Uh oh. I need access to that backup

Ok. What did you do? Ugh, you deleted your Dr. Who collection because you were mad that they changed doctors again? Sigh, it's ok. Here's how to get it back. From your host machine (now doctor-less), let's restore your video collection:

scp -o PreferredAuthentications=password -r [email protected]:/opt/backup/<user>/Videos/DrWho ~/Videos

That command will, over the network, copy recursively the DrWho directory on the backup to a directory named DrWho in your local Videos directory.

Notice the -o PreferredAuthentications=password in the command above.
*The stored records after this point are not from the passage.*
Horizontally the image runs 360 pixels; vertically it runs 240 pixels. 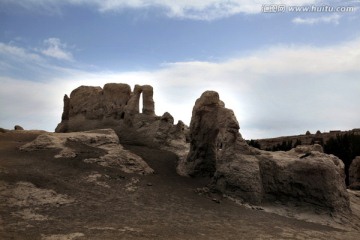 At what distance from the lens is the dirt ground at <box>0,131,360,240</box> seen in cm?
1102

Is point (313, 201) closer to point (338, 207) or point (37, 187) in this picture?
point (338, 207)

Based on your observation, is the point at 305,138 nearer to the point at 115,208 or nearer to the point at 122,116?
the point at 122,116

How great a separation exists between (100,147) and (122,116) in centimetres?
855

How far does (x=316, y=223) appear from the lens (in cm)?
1518

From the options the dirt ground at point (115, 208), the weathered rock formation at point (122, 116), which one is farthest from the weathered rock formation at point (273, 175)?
the weathered rock formation at point (122, 116)

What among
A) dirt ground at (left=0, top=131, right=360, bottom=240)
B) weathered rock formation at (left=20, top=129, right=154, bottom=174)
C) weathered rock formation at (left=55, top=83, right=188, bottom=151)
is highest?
weathered rock formation at (left=55, top=83, right=188, bottom=151)

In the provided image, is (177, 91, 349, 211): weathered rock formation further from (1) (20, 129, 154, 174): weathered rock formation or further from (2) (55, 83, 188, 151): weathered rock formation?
(2) (55, 83, 188, 151): weathered rock formation

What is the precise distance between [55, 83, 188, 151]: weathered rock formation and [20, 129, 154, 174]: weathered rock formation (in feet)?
14.3

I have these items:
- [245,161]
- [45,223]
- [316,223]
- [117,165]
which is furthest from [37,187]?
[316,223]

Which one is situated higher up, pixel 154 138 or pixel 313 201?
pixel 154 138

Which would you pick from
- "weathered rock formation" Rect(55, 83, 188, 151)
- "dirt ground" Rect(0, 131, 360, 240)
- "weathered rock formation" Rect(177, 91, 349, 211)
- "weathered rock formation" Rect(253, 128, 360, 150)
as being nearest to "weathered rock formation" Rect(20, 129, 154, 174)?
"dirt ground" Rect(0, 131, 360, 240)

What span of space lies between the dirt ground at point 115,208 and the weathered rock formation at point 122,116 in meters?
6.30

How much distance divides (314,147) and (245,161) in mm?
5920

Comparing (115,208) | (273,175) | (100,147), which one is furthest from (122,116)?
(115,208) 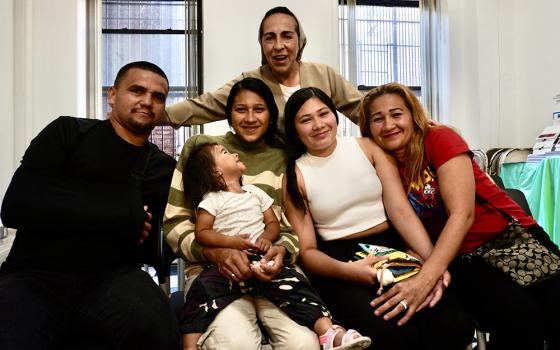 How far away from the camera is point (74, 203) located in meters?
1.36

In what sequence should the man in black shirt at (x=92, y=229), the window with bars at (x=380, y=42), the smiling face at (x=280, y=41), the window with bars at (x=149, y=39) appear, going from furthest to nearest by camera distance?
1. the window with bars at (x=380, y=42)
2. the window with bars at (x=149, y=39)
3. the smiling face at (x=280, y=41)
4. the man in black shirt at (x=92, y=229)

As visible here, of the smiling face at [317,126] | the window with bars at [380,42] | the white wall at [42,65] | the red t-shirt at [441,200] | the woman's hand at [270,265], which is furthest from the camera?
the window with bars at [380,42]

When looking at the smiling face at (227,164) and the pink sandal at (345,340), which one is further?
the smiling face at (227,164)

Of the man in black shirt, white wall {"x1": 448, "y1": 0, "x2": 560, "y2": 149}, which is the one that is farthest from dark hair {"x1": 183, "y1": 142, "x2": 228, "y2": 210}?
white wall {"x1": 448, "y1": 0, "x2": 560, "y2": 149}

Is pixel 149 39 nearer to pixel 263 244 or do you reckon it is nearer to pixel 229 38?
pixel 229 38

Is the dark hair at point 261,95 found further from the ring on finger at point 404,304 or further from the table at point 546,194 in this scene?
the table at point 546,194

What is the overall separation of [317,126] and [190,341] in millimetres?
882

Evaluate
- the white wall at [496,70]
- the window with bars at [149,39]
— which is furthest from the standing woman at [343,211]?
the white wall at [496,70]

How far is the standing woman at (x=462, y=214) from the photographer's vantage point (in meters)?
1.20

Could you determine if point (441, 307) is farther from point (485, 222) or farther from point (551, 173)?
point (551, 173)

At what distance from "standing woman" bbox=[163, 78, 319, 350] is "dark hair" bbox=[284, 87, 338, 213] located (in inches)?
2.5

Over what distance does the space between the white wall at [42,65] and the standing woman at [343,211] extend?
2302mm

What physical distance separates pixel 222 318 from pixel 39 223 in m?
0.72

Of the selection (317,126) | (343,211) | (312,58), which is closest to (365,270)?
(343,211) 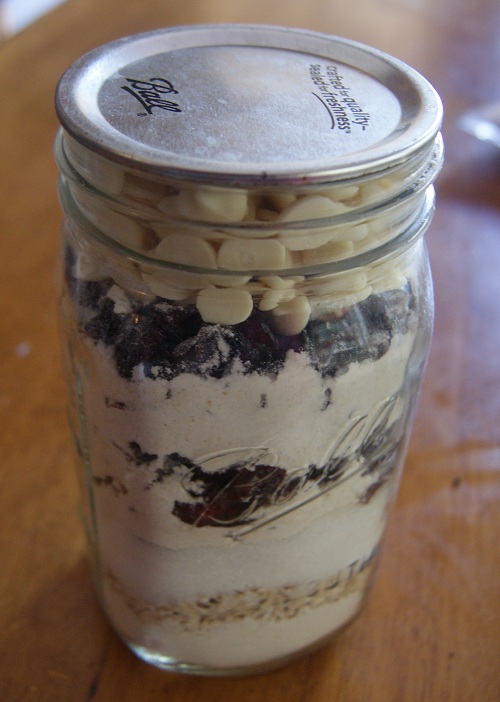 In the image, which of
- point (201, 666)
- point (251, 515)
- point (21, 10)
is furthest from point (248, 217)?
point (21, 10)

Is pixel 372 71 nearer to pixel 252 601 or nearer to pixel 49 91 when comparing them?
pixel 252 601

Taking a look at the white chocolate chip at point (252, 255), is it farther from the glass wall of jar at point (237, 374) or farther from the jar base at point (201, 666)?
the jar base at point (201, 666)

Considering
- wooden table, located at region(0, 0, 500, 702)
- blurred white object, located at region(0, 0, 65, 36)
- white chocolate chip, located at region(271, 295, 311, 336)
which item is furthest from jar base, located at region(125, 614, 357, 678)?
blurred white object, located at region(0, 0, 65, 36)

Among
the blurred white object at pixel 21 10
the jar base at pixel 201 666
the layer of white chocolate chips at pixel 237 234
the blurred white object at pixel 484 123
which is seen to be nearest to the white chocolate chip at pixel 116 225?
the layer of white chocolate chips at pixel 237 234

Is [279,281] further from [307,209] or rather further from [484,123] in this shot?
[484,123]

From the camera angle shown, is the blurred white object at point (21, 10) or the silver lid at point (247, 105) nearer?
the silver lid at point (247, 105)

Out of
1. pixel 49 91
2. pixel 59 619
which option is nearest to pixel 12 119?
pixel 49 91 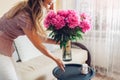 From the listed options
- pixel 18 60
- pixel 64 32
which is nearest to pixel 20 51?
pixel 18 60

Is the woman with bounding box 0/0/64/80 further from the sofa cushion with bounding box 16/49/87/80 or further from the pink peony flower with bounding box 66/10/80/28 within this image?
the sofa cushion with bounding box 16/49/87/80

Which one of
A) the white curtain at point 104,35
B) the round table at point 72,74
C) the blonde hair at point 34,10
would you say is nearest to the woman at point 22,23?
the blonde hair at point 34,10

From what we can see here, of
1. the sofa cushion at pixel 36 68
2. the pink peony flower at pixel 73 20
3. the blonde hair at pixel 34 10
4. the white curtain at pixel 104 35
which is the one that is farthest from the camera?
the white curtain at pixel 104 35

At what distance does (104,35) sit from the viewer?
3.01 m

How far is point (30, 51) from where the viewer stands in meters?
2.61

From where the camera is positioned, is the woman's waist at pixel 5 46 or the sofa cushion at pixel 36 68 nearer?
the woman's waist at pixel 5 46

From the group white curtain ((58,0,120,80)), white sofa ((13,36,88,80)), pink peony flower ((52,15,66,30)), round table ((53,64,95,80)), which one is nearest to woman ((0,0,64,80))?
pink peony flower ((52,15,66,30))

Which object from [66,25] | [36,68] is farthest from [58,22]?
[36,68]

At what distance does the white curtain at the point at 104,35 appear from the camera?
2862 mm

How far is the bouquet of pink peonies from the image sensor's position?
1729mm

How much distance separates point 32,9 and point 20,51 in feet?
3.92

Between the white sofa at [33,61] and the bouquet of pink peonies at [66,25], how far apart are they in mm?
556

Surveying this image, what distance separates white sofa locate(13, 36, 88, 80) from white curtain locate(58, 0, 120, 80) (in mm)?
264

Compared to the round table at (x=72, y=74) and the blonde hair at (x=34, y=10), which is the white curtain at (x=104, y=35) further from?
the blonde hair at (x=34, y=10) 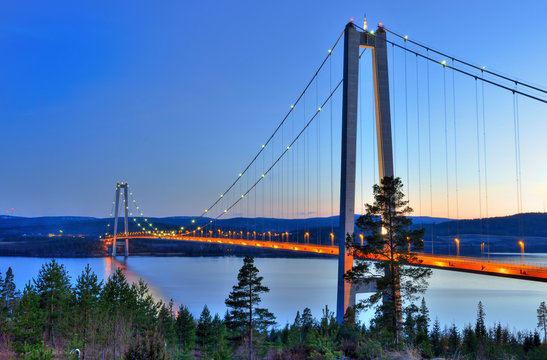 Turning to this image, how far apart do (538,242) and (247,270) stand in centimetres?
5474

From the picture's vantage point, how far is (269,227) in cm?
15662

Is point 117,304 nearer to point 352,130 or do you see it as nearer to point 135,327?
point 135,327

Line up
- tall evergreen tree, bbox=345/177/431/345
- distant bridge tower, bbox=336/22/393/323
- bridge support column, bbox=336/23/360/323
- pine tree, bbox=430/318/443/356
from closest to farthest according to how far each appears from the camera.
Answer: tall evergreen tree, bbox=345/177/431/345
pine tree, bbox=430/318/443/356
bridge support column, bbox=336/23/360/323
distant bridge tower, bbox=336/22/393/323

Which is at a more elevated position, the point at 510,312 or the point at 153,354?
the point at 153,354

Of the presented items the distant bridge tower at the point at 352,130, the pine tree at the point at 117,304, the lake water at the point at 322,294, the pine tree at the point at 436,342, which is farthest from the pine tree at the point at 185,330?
the pine tree at the point at 436,342

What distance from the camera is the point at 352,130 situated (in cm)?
2408

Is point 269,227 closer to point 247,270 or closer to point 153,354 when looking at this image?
point 247,270

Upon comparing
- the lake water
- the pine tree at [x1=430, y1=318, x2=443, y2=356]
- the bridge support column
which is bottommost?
the lake water

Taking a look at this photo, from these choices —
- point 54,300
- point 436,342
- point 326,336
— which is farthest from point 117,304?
point 326,336

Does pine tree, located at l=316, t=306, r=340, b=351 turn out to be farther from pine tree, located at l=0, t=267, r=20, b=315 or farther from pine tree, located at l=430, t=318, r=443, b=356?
pine tree, located at l=0, t=267, r=20, b=315

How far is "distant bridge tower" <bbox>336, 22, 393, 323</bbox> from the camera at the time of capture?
23.0 metres

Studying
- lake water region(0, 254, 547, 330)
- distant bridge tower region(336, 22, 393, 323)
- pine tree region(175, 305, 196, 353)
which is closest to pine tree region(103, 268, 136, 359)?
pine tree region(175, 305, 196, 353)

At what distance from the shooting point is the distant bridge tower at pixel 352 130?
23.0 m

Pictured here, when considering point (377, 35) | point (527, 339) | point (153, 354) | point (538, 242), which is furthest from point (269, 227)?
point (153, 354) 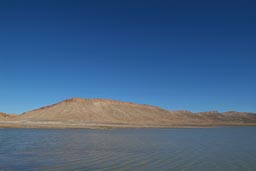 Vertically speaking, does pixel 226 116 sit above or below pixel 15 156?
above

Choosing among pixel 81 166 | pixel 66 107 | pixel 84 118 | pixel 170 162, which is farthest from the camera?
pixel 66 107

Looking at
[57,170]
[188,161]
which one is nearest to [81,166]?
[57,170]

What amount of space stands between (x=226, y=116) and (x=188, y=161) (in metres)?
178

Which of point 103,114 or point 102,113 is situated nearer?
point 103,114

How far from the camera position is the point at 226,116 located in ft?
616

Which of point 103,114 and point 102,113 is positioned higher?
point 102,113

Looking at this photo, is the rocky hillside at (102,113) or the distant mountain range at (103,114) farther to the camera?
the rocky hillside at (102,113)

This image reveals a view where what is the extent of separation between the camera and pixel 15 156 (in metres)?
20.0

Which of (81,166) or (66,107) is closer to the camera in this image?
(81,166)

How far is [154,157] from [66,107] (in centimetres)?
11610

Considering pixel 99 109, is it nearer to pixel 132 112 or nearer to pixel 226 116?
pixel 132 112

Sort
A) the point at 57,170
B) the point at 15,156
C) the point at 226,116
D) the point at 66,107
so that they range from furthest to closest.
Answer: the point at 226,116
the point at 66,107
the point at 15,156
the point at 57,170

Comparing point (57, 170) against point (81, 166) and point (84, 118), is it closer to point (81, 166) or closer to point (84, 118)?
point (81, 166)

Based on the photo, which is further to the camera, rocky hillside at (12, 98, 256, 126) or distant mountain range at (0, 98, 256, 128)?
rocky hillside at (12, 98, 256, 126) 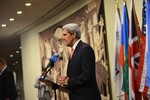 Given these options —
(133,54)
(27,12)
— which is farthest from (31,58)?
(133,54)

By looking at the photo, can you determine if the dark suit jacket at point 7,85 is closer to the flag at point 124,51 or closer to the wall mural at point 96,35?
the wall mural at point 96,35

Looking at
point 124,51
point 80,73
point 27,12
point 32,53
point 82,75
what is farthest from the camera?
point 32,53

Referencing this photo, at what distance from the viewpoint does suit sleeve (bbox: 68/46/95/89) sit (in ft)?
9.61

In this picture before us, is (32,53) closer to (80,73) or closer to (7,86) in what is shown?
(7,86)

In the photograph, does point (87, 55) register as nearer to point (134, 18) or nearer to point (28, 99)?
point (134, 18)

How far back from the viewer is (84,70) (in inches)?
116

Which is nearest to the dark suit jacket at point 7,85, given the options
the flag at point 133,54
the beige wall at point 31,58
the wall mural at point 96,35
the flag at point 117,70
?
the wall mural at point 96,35

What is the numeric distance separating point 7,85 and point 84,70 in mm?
3787

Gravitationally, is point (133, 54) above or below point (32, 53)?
below

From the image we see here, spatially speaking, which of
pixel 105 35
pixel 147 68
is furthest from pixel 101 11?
pixel 147 68

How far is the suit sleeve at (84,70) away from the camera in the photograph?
293 cm

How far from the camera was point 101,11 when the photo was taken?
5531mm

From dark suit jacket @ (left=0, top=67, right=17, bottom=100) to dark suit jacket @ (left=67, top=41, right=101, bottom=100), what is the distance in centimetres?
351

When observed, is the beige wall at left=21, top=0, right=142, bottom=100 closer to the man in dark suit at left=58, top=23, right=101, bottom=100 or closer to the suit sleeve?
the man in dark suit at left=58, top=23, right=101, bottom=100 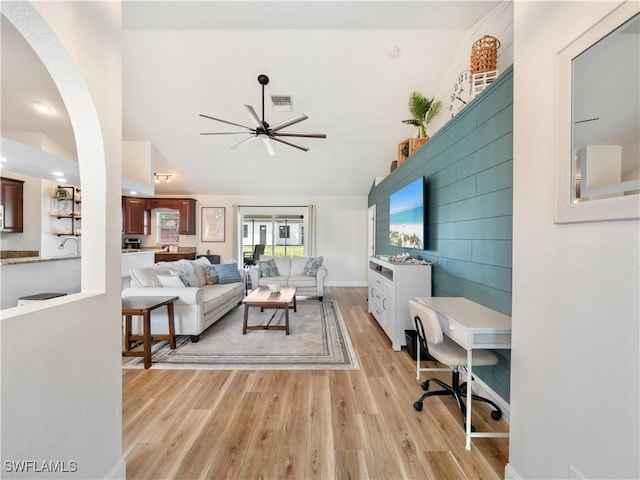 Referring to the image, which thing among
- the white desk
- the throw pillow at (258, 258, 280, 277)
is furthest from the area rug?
the throw pillow at (258, 258, 280, 277)

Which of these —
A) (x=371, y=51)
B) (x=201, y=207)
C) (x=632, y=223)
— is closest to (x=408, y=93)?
(x=371, y=51)

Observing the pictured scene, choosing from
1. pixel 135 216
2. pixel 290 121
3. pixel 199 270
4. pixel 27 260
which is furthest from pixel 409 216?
pixel 135 216

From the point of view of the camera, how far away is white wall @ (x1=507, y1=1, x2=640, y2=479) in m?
0.87

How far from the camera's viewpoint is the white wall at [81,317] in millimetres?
915

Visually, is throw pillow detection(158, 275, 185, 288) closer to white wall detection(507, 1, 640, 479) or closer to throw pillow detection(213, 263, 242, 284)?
throw pillow detection(213, 263, 242, 284)

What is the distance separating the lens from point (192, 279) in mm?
3992

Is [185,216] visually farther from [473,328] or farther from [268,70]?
[473,328]

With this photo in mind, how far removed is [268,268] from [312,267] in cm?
93

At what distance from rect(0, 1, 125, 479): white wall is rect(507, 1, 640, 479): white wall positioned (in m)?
2.02

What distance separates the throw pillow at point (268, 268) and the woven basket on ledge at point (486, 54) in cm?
460

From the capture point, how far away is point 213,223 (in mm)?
7398

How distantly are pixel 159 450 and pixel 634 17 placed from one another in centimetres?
290

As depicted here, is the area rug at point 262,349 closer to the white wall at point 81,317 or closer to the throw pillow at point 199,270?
the throw pillow at point 199,270

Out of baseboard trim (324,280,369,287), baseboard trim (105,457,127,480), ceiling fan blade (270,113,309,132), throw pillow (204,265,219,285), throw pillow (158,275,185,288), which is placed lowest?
baseboard trim (324,280,369,287) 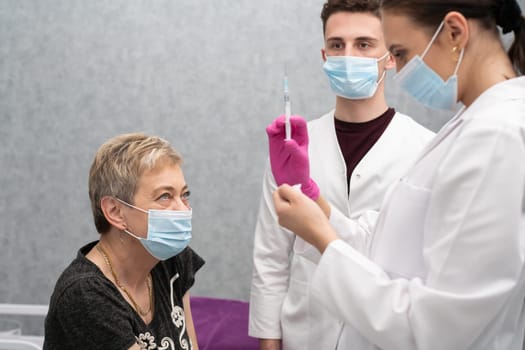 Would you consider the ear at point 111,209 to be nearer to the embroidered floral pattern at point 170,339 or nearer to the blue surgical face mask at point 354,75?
the embroidered floral pattern at point 170,339

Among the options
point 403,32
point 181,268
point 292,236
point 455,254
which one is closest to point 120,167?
point 181,268

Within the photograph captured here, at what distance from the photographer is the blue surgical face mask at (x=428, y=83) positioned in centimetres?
113

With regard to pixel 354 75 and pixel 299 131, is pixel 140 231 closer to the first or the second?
pixel 299 131

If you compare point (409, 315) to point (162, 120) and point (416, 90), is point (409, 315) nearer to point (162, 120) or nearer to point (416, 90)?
point (416, 90)

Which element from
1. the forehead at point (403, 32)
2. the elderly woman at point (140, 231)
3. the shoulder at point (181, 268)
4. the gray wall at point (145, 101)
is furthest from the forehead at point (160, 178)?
the gray wall at point (145, 101)

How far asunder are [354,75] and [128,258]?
90 centimetres

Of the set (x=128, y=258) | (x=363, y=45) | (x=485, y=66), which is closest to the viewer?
(x=485, y=66)

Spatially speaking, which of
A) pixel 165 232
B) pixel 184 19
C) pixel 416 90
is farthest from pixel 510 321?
pixel 184 19

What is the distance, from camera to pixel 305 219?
1.20 meters

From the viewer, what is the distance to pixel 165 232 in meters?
1.68

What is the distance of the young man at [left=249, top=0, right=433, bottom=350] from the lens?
1.88m

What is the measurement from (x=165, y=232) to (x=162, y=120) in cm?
155

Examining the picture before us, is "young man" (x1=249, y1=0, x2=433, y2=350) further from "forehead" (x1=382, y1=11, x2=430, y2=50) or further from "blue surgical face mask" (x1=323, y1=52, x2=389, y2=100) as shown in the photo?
"forehead" (x1=382, y1=11, x2=430, y2=50)

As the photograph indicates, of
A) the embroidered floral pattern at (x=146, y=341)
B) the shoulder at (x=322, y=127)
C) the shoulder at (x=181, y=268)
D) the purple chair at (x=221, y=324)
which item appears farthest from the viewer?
the purple chair at (x=221, y=324) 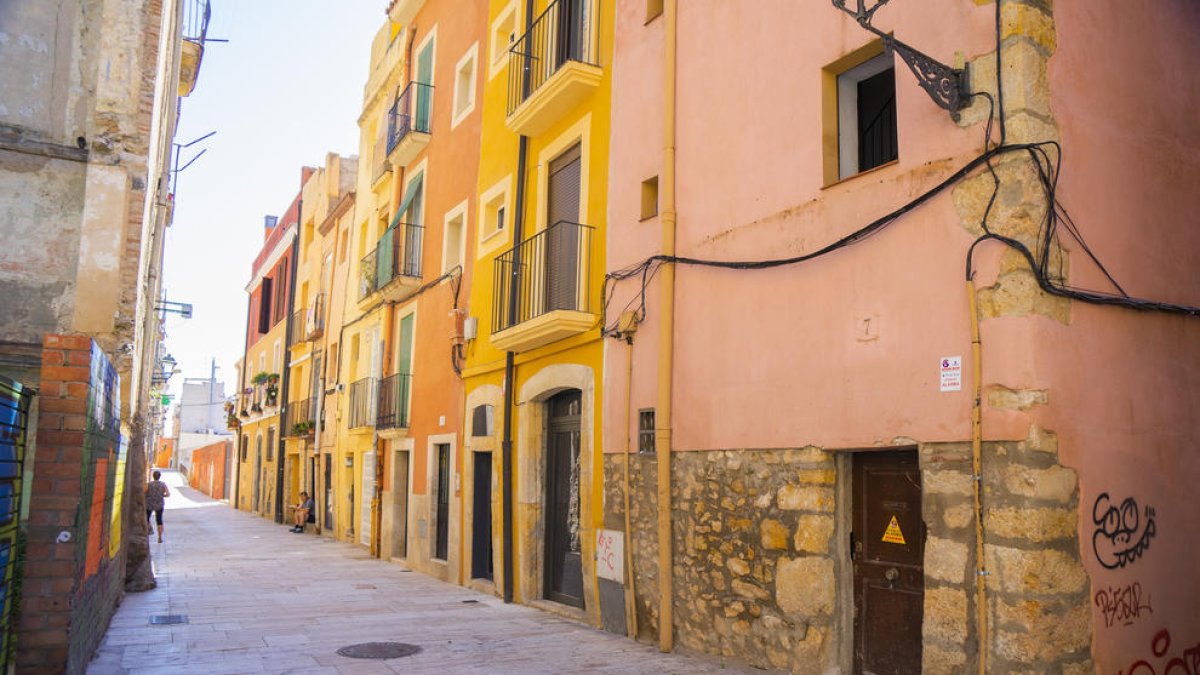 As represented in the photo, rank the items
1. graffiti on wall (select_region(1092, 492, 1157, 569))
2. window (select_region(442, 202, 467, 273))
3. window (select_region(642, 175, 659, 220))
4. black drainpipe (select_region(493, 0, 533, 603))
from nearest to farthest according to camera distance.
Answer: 1. graffiti on wall (select_region(1092, 492, 1157, 569))
2. window (select_region(642, 175, 659, 220))
3. black drainpipe (select_region(493, 0, 533, 603))
4. window (select_region(442, 202, 467, 273))

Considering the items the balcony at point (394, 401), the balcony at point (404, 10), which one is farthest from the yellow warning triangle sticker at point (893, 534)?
the balcony at point (404, 10)

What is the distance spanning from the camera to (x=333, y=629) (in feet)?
32.9

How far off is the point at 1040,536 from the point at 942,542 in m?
0.66

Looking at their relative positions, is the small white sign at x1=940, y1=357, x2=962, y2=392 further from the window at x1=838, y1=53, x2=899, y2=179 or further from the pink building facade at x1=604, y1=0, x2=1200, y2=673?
the window at x1=838, y1=53, x2=899, y2=179

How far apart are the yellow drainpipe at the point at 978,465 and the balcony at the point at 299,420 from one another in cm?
2302

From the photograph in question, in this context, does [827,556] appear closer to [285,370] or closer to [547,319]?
[547,319]

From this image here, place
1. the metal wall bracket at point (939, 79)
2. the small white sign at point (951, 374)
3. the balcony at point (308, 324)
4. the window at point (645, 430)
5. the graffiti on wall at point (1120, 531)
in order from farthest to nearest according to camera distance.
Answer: the balcony at point (308, 324) → the window at point (645, 430) → the metal wall bracket at point (939, 79) → the small white sign at point (951, 374) → the graffiti on wall at point (1120, 531)

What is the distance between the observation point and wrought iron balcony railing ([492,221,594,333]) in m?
11.0

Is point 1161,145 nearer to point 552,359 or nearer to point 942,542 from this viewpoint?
point 942,542

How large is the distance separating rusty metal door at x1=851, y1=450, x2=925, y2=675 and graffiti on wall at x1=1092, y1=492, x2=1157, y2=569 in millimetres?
1122

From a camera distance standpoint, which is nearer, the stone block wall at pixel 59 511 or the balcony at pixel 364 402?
the stone block wall at pixel 59 511

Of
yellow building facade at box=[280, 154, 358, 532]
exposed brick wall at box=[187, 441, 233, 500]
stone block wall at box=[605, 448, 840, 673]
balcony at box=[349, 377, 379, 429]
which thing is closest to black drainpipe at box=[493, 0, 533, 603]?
stone block wall at box=[605, 448, 840, 673]

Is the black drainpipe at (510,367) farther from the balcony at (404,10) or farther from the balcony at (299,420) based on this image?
the balcony at (299,420)

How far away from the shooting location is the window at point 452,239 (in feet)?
51.6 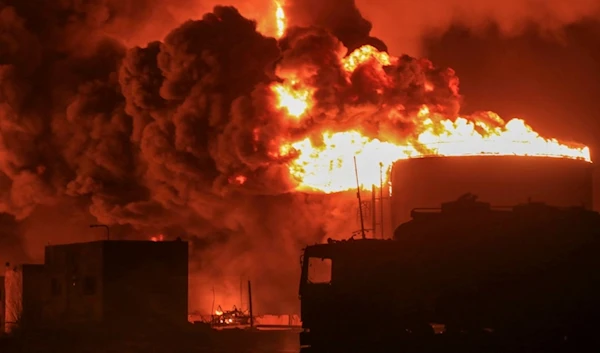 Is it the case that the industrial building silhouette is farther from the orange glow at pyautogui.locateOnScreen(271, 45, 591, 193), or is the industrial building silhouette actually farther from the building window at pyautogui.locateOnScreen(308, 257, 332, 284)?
the building window at pyautogui.locateOnScreen(308, 257, 332, 284)

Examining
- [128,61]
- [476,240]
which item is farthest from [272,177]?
[476,240]

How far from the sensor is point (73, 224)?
6800cm

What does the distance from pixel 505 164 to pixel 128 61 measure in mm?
19664

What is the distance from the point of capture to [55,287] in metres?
63.9

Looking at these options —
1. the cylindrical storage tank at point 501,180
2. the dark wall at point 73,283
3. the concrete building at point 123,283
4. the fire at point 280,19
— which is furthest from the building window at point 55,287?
the cylindrical storage tank at point 501,180

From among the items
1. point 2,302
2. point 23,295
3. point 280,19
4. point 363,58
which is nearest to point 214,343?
point 363,58

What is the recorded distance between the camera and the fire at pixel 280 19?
60344mm

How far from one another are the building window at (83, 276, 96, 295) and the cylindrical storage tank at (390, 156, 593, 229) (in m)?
17.2

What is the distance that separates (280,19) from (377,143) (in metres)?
8.89

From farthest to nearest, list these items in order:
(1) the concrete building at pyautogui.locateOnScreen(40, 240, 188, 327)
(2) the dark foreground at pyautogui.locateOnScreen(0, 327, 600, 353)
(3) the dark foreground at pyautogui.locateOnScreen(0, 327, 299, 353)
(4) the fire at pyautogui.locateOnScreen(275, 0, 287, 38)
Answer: (4) the fire at pyautogui.locateOnScreen(275, 0, 287, 38), (1) the concrete building at pyautogui.locateOnScreen(40, 240, 188, 327), (3) the dark foreground at pyautogui.locateOnScreen(0, 327, 299, 353), (2) the dark foreground at pyautogui.locateOnScreen(0, 327, 600, 353)

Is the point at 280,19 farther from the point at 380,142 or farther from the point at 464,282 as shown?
the point at 464,282

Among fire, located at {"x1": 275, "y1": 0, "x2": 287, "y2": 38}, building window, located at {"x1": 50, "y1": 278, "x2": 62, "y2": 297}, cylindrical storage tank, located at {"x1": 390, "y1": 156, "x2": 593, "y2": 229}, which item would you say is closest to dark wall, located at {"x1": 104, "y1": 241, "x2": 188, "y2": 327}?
building window, located at {"x1": 50, "y1": 278, "x2": 62, "y2": 297}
This is needed because, by default, SSH prefers to use keys to authenticate to the remote machine as they are generally stronger security than passwords. Since we set up a key for the backup, SSH will try to use that but it will fail because we limited the key to just rsync usage. You can eliminate the need for the -o PreferredAuthentications=password option by setting up an SSH key to access the remote machine as explained in Setting up passwordless SSH logins.

There are alternative ways to get to your data. One easy way is to use sshfs to "mount" your backup server to a local directory. This lets you use a visual file manager to copy stuff around. But for most cases I find it quicker to use a simple one-liner scp call to get me out of trouble. So I leave finding other ways as an exercise to the reader...

Summary

We've come a long way, so let's recap what we've done. We've set up a Raspberry Pi with external drive as our backup server. It can live in some lonely corner of our house reliably and quietly performing it's duty of protecting our data from ourselves. We've set up a single host machine to back up our important data every morning while we sleep. We've learned how to set up a host machine, so we can perform the same actions on any number of hosts to have them backup their data as well. We're only limited by our desire and backup server hard drive space!